Olivia Tjandramulia
- Country (sports): Australia
- Residence: Rockhampton, Australia
- Born: 11 May 1997 (age 29) Jakarta, Indonesia
- Height: 1.67 m (5 ft 6 in)
- Plays: Right (two-handed backhand)
- Prize money: $233,799

Singles
- Career record: 175–205
- Career titles: 0
- Highest ranking: No. 350 (11 June 2018)

Grand Slam singles results
- Australian Open: Q1 (2020)

Doubles
- Career record: 179–183
- Career titles: 10 ITF
- Highest ranking: No. 100 (12 June 2023)

Grand Slam doubles results
- Australian Open: 1R (2014, 2017, 2022, 2023)

= Olivia Tjandramulia =

Australian tennis player

Olivia Tjandramulia (born 11 May 1997) is an Indonesian-born Australian former tennis player.

Tjandramulia reached a career-high singles ranking of world No. 350 on 11 June 2018. On 12 June 2023, she peaked at No. 100 in the WTA doubles rankings.

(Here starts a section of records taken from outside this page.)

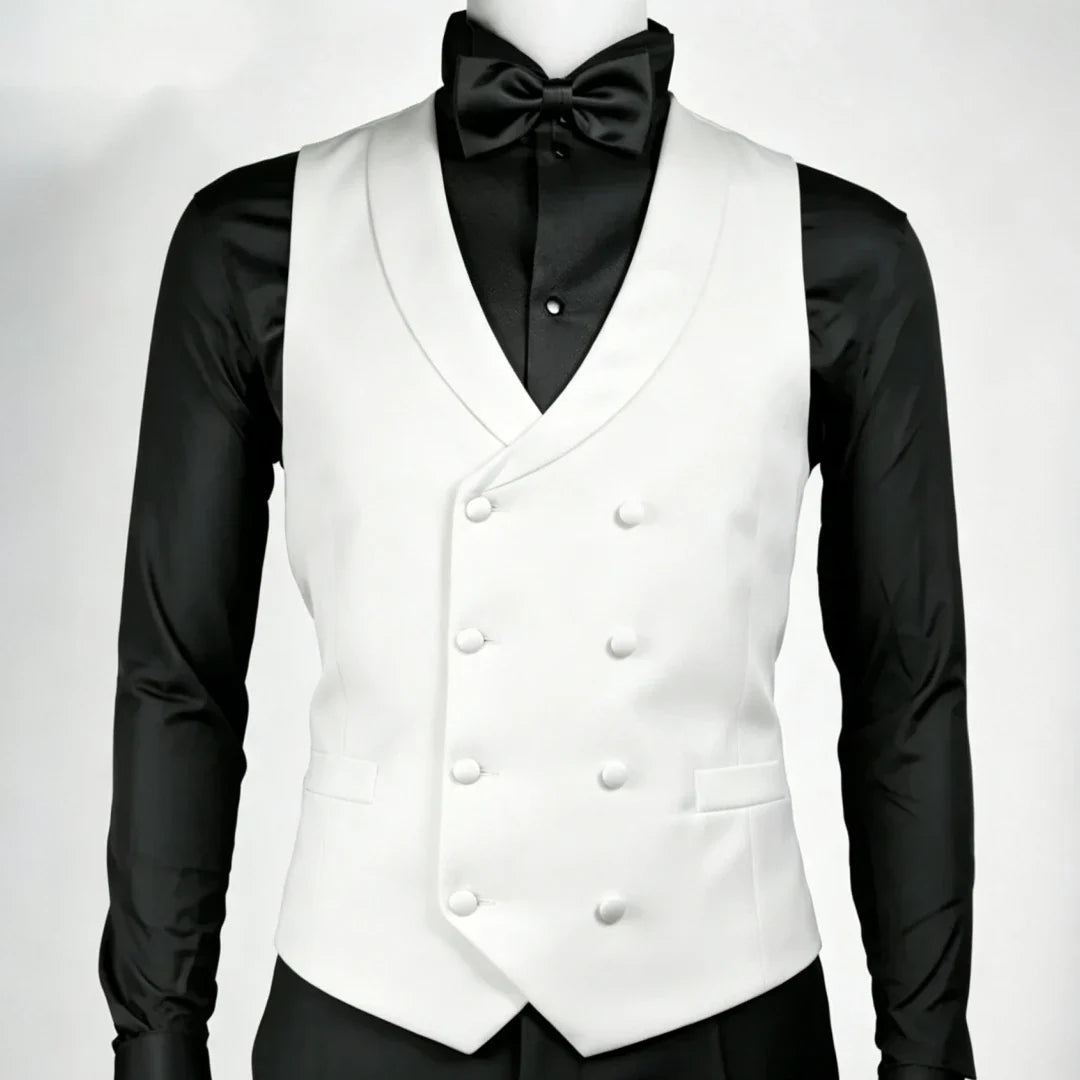 Men's Double Breasted Formal Vest – Classic Gray Waistcoat for Weddings & Business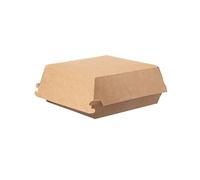DeinPack Take Away Lot de 400 boîtes à hamburger avec couvercle à charnière I Boîte à hamburger en carton I To Go Burger Emballage 14,5 x 14,5 x 8 cm I Biodégradable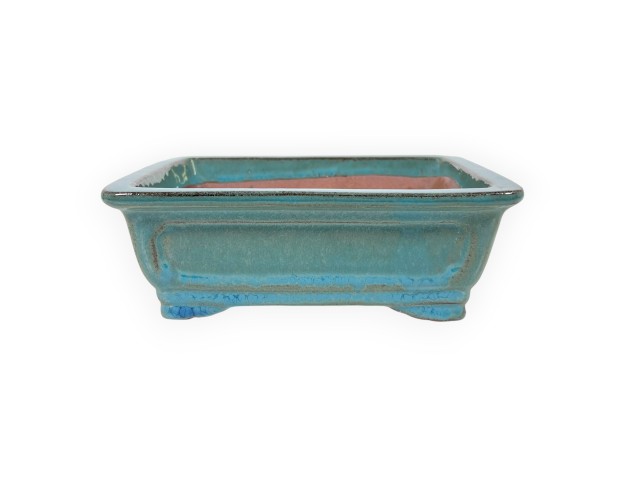 Pot rectangulaire en grès émaillé pour bonsaïs chinois - 16 cm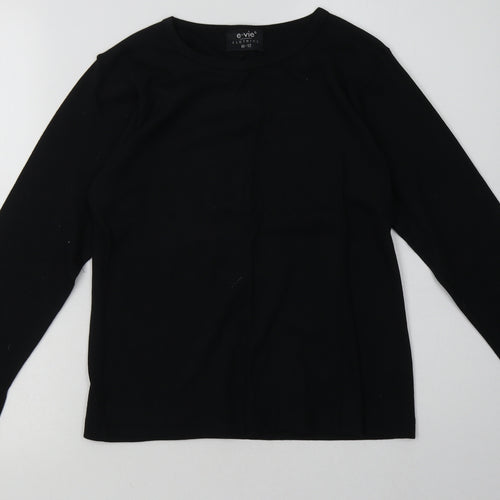 evie Womens Black  Cotton Pullover Sweatshirt Size 10  Pullover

On the ITF Junior Circuit, she achieved a career-high ranking of 39, on 31 August 2015. She was an Australian under-18 girls champion.

==Personal life==
Tjandramulia was born in Jakarta, Indonesia but grew up in Rockhampton, Australia.

==Career==
She made her WTA Tour debut at the 2014 Hobart International, in singles and in doubles, partnering Kimberly Birrell.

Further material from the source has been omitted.